My mother walked to the village shop every day with her dog, and of course Chester wanted to go too. But he was crafty.  If he appeared when she was still in the drive, she would bring him back (my mother lived in the granny annexe next door to us) and shut him in our house.  So he waited until she had gone with Bruce, her black labrador cross, round the corner and he judged that she wouldn't want to turn back, and then appear at her side.  She often used to complain about this, but it was only if she came and told me that she was going out that I could call Chester in to the house.  And he didn't get away with it with me, anyway.

Even so, once in a while he had a go.  He'd suddenly appear, bouncing up to me with tail wagging, joy in his face.  But I'm hard, darlings, damn hard.  I'd take him back to the garden gate (the drive is some 100 yards long) and tell him to go home.  His ears would drop, his tail droop and he'd trail along, looking back every few yards, and I'd just point.  When he got to the fork, I'd tell him to stay and start walking again.  Then I'd nip back to see if he was still there (I made sure he didn't see me) and, if he was sneaking down the drive again I'd reappear to point sternly.

The thing was, if I'd once relented then my job would have become way harder, so I never did.  If I was going to take him, I'd say at once, otherwise I'd not give in.  And so, though he did keep testing me for some years, he did accept that I was the leader of the pack.

Tomorrow, Chester and the sheep.  

Friday, 21 September 2012

Chester - 3

My children tell me now that Chester was quite naughty.  I never noticed that.  He was just right as far as I  was concerned, although he was a determined rabbiter and I had to search for him daily, usually having to haul him out of a rabbit hole, where he was digging enthusiastically for bunnies that had long vanished through their boltholes.

I remember an autumn when he was a couple of years old and the farmer was cutting the maize crop behind the house.  He started from the outside and worked in,  so rabbits got trapped in the centre until finally they couldn't stand the suspense any longer and made a run for it.  Chester ran too, caught and killed a rabbit and then chased another.  I still remember the look of bewilderment on his face when he caught up and realised that he couldn't hold two rabbits in his mouth.  He let go of the first, caught the second, and then was quite disgusted when I'd not only laid claim to the original rabbit but insisted he gave me the second one too.  We cooked them both for him to eat, mind you.

Towards the end of his life he became much more indulgent, by the way.  He used to sit watching a family of baby bunnies play in the sun.  And he never went for the chickens, he understood that no bird was fair game to him.

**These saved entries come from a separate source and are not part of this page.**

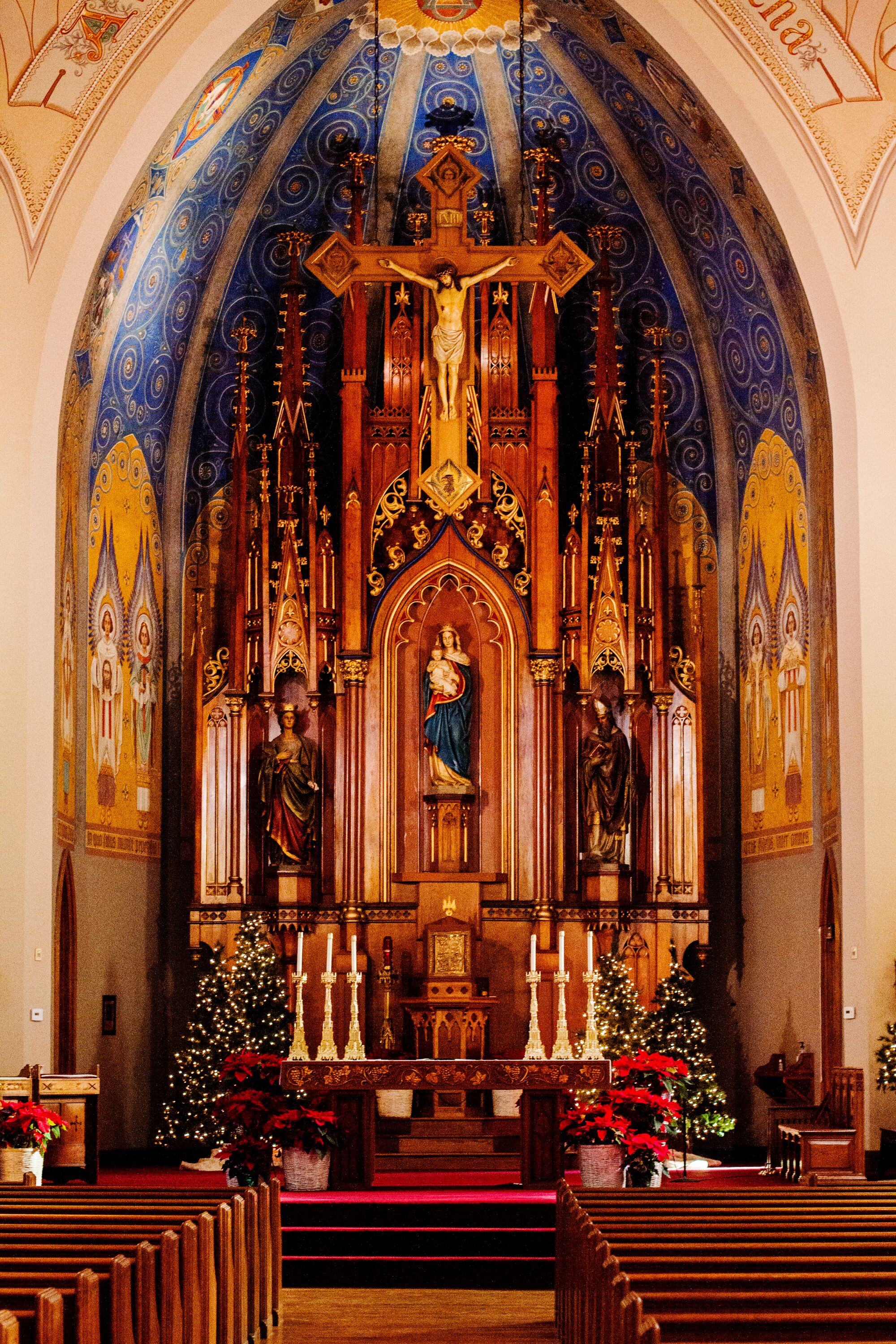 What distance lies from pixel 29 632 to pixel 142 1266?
10.7 m

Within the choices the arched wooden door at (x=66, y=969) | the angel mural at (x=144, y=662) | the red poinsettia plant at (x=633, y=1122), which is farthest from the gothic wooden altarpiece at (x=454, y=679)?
the red poinsettia plant at (x=633, y=1122)

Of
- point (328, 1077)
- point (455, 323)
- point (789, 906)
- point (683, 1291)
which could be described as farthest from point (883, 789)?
point (683, 1291)

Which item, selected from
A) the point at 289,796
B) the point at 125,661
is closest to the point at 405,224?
the point at 125,661

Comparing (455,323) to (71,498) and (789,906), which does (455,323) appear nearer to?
(71,498)

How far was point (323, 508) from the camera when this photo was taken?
20.4 metres

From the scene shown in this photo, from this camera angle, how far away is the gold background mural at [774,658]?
63.4ft

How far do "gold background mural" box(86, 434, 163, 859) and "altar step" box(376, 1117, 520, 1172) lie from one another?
4.40 meters

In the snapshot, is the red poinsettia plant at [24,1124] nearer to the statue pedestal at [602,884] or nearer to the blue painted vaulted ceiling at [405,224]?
the statue pedestal at [602,884]

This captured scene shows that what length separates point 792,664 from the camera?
19.6 m

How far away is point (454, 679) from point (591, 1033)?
5.27 meters

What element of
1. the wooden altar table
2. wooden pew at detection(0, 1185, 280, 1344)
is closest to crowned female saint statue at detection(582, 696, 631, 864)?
the wooden altar table

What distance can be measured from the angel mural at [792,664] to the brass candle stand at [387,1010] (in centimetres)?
457

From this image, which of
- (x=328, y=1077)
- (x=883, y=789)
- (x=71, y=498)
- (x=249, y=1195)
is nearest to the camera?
(x=249, y=1195)

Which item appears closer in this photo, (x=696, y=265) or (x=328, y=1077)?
(x=328, y=1077) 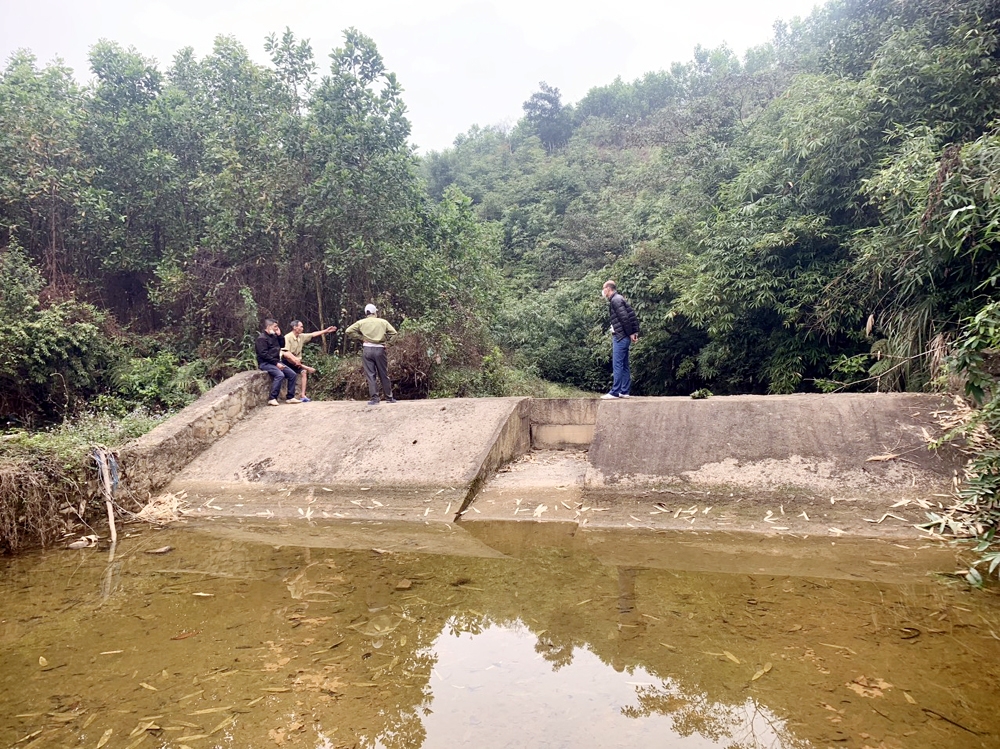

It was my friend Jackie who trained him more than I did, however.  She used to walk her dogs on the field behind ours and Chester went to greet them.  He tagged along on their walk and, when they got back to the road, Jackie produced some dog biscuits.  All dogs sat and received their biscuits.  Then she told Chester to go home.  He was quite reluctant, but she persisted.  And, finally, off home he trotted.

Thursday, 20 September 2012

Chester - 2

We brought Chester home a week before Christmas.  That is, we brought the puppy home.  I can't remember the exact point at which he received his name.  I suggested Zebedee, after the springy "time for bed" character from The Magic Roundabout.  That went down well except that Weeza wanted it shortened to Zeb and I only liked Zebedee.  So, unable to agree, we looked elsewhere.  I can't remember the alternatives we came up with, but it was Weeza who suggested Chester and we all liked that.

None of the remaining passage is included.